OTTAWA — Il semble que même le plus haut tribunal au pays n’est pas à l’abri des pépins informatiques qui viennent perturber les réunions virtuelles.

La Cour suprême du Canada a fait le saut dans l’univers des audiences par visioconférence, mardi après-midi, afin que la justice puisse suivre son cours pendant la pandémie de COVID-19.

Après quelques remarques liminaires du juge en chef Richard Wagner, le tribunal a entendu Stephen Hamilton, l’avocat d’une entreprise impliquée dans un différend contractuel concernant un projet immobilier en Colombie-Britannique.

Mais la communication audio et vidéo de Me Hamilton a semblé cesser de fonctionner, forçant une pause pour remédier au problème technique.

La Cour suprême prévoit tenir quatre audiences par visioconférence cette semaine dans un souci de prévenir la propagation du nouveau coronavirus.

Si la pandémie a forcé le plus haut tribunal à fermer son bâtiment aux visiteurs pour des raisons de santé et de sécurité, elle n’a pas empêché les neuf juges de poursuivre leur travail, souligne Richard Wagner.

La Cour suprême s’est ouverte aux nouvelles technologies depuis quelque temps déjà en diffusant les procédures en direct sur son site web.

Mais les audiences virtuelles se déroulent davantage comme une réunion d’affaires en ligne, avec les 44 participants qui s’y sont joints via internet mardi — magistrats, avocats et observateurs y compris.

Les avocats se sont branchés depuis leurs bureaux.

Les neuf juges sont apparus en robes noires avec des arrière-plans identiques qui donnaient l’impression qu’ils étaient entourés par les finitions en bois poli, les chaises en cuir rouge et les armoiries de la Cour suprême.

Les images des juges vacillaient parfois comme des avatars dans un jeu vidéo agrémenté de phrases en latin.

Les magistrats portaient des écouteurs et, comme d’habitude, ils ont tour à tour interrogé les avocats, sauf qu’ils étaient cette fois séparés non pas par quelques mètres, mais bien des centaines de kilomètres.

Me Wes McMillan, qui représente une association de propriétaires intervenant dans l’affaire, a présenté ses arguments sans apparaître à l’écran en raison d’une perte de connexion vidéo.

Comparaissant au nom du défendeur Crystal Square Parking Corp., l’avocat Kenneth McEwan s’est levé d’un bureau, a ajusté sa caméra et a livré ses arguments depuis un podium, comme dans une salle d’audience.

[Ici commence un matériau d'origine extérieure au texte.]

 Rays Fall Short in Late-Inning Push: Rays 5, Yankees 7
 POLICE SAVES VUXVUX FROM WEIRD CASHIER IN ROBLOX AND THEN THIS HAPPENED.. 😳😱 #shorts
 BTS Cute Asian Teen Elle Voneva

Au début des procédures, le juge Wagner a remercié toutes les parties et les avocats impliqués dans les audiences virtuelles de cette semaine, se disant reconnaissant de leur coopération.  «Nous avons dû faire des ajustements et apprendre de nouvelles technologies», a-t-il reconnu.

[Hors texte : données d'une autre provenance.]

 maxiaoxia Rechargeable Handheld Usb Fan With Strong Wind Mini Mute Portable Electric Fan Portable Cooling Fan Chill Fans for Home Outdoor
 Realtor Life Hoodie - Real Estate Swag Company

Il est important que le public puisse voir les procédures judiciaires, a réaffirmé le juge en chef, qui tente de rendre le travail de la Cour suprême plus accessible.

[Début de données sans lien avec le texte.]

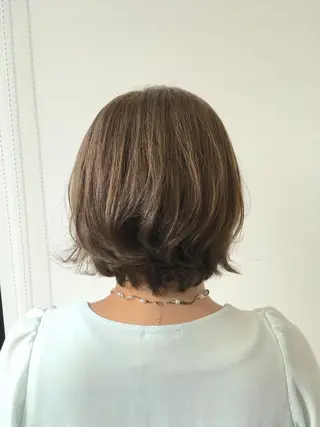 ショート カラー yoshi ☆のヘアスタイル
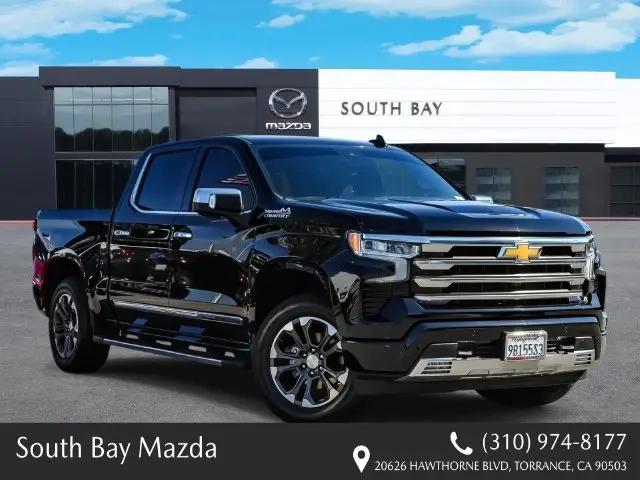 2022 Chevrolet Silverado 1500 4WD Crew Cab Short Bed High Country for sale in Torrance, CA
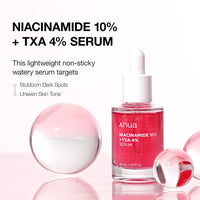 Anua 10% Niacinamide Plus 4% Tranexamic Acid Serum for Sensitive Skin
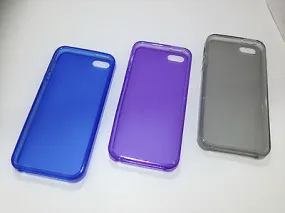 Ultra Thin Slim Fit TPU Gel Skin Case Cover for Apple iPhone SE   CODE M1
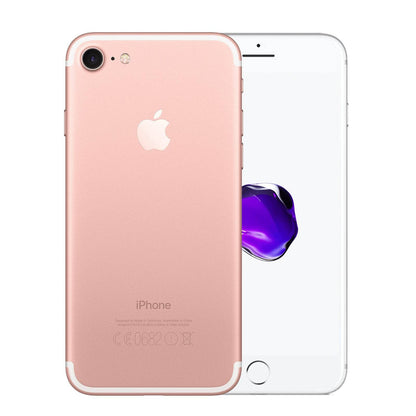Apple iPhone 7 128GB Rose Gold Good - Unlocked 128GB Rose Gold Good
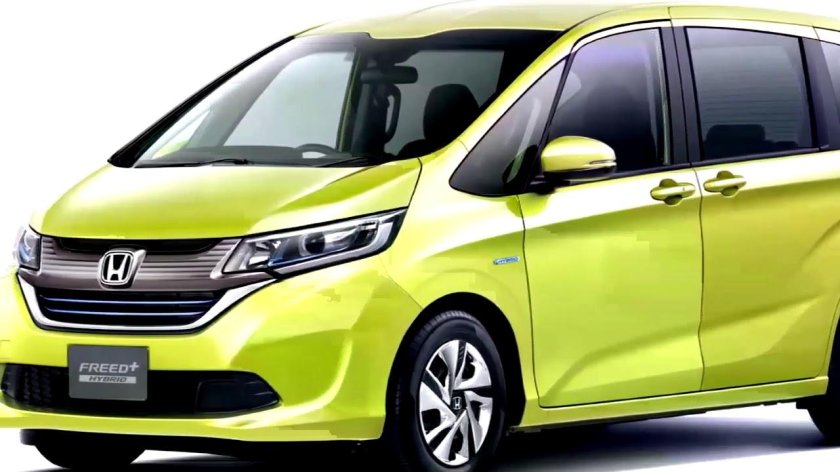 Honda freed 2021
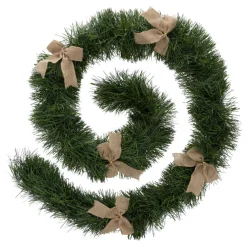 3S. x Home Guirlande Boa Vert New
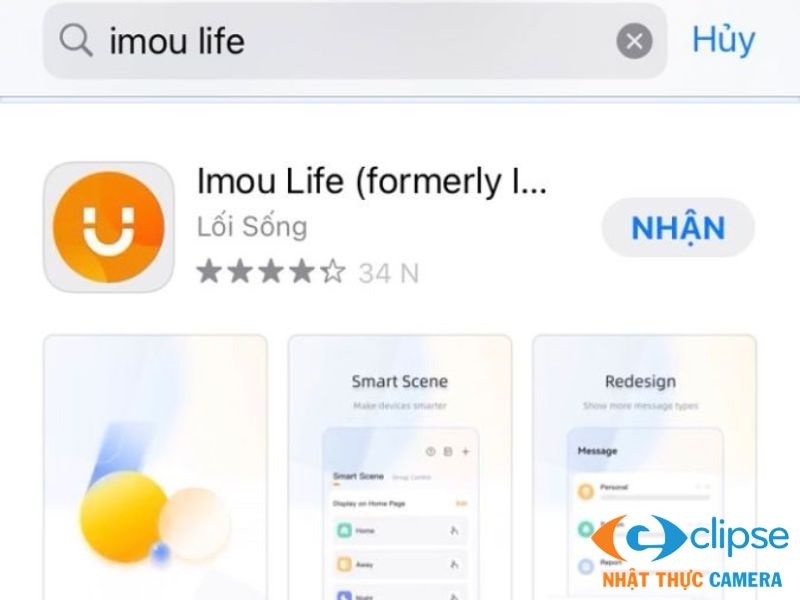 cách chia sẻ camera imou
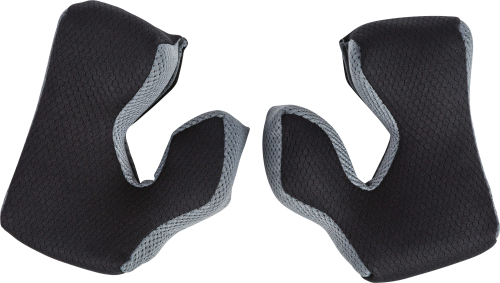 Fly Racing - Fly Racing Custom Cheek Pads for Formula CC Helmets - Lg - 25mm - 73-47222L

Au cours des dernières années, le tribunal a adopté les réseaux sociaux en commençant à publier des résumés de ses arrêts dans un langage plus courant.

La Cour suprême a même pris la route, se rendant à Winnipeg en septembre dernier pour entendre deux appels et aller à la rencontre de Manitobains. Il s’agit de la première fois que le tribunal a siégé à l’extérieur d’Ottawa.

Le juge Wagner a dit envisager de tenir des audiences dans différentes villes «de temps en temps».